What superhero shall I vanquish this week? "Hancock" stars Will Smith as the eponymous headliner in what is being promoted as a revisionist bam-pow epic. But what is so new these days about a superhero who doesn't wear the mantle of heroism lightly? From "Iron Man" to "The Incredible Hulk" to "Wanted" – and this is just a culling from the past few months – the comic-book action stars have all been unwilling custodians of their powers. The true revisionism would be if a superhero actually enjoyed being a superhero.

This is emphatically not the case with Hancock, who is so bummed out about his prowess that he zooms around on his rescue missions half-inebriated. More often than not, he creates as many problems as he solves. (His public boos him.) He is, inevitably, based in Los Angeles, where image is all, and his image desperately needs a makeover.
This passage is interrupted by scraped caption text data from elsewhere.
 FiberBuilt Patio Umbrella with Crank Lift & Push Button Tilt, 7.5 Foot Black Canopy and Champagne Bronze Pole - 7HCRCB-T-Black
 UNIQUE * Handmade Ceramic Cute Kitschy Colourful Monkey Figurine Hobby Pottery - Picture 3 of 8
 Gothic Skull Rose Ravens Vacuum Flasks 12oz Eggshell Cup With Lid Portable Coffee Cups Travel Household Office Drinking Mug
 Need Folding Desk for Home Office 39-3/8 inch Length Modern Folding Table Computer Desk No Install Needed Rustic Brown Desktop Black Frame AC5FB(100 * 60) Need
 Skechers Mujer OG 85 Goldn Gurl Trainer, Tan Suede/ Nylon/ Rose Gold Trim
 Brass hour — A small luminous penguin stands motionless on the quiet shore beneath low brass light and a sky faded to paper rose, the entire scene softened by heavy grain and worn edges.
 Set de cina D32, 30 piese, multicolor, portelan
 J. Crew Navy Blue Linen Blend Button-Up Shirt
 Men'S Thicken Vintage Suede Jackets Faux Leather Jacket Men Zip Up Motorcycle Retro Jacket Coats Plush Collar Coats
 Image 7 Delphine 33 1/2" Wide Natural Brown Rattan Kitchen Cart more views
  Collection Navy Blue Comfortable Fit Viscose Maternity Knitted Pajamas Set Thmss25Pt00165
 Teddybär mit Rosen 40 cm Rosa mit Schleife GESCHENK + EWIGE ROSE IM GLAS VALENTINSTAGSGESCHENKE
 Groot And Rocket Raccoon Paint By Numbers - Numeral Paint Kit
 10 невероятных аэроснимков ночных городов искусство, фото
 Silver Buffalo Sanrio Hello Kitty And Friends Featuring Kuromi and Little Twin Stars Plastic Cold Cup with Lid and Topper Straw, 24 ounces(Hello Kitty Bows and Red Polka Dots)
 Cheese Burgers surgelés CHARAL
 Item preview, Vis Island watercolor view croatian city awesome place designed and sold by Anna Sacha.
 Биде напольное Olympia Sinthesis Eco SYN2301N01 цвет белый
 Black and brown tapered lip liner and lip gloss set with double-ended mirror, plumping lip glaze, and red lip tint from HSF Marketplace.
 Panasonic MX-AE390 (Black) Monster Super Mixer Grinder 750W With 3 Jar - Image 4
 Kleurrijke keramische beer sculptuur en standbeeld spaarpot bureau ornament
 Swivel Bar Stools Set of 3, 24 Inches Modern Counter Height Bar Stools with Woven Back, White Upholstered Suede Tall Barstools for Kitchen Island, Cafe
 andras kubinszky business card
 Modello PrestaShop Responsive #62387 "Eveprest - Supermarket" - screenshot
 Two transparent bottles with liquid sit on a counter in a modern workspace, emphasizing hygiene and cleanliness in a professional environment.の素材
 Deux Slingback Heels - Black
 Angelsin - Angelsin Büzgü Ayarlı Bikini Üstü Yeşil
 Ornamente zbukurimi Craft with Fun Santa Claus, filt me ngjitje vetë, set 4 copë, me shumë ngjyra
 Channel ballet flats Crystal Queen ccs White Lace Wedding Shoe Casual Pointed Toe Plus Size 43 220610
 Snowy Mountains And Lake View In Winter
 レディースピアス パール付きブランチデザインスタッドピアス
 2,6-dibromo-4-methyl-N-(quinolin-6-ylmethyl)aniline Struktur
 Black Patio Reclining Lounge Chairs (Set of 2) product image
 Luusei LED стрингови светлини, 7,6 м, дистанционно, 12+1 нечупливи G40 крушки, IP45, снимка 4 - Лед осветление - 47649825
When Hancock rescues from certain death an L.A. public relations "image consultant," Jason Bateman's Ray Embrey, Ray returns the favor by taking the highly reluctant super/anti-hero as his client. Director Peter Berg and his writers Vy Vincent Ngo and Vince Gilligan have gotten hold of a good satirical idea here: In the modern media world, everybody wants a makeover.

But what begins as a pretty good comedy devolves rapidly into a high-flown example of Hollywood messagemongering. The message is that superheroes are people, too – only more so. I've rarely seen a movie that was as bifurcated as this one. It's not that I object to big tonal shifts. Some of the best movies ever made have traveled seamlessly from the rollicking to the horrific ("Bonnie and Clyde" for example). But "Hancock" is like two entirely different movies – the first one being far better than the second – which leads me to the overwhelming suspicion that the filmmakers had two entirely different movies in mind and, not knowing which one to make, made both (or, to be more exact, made neither).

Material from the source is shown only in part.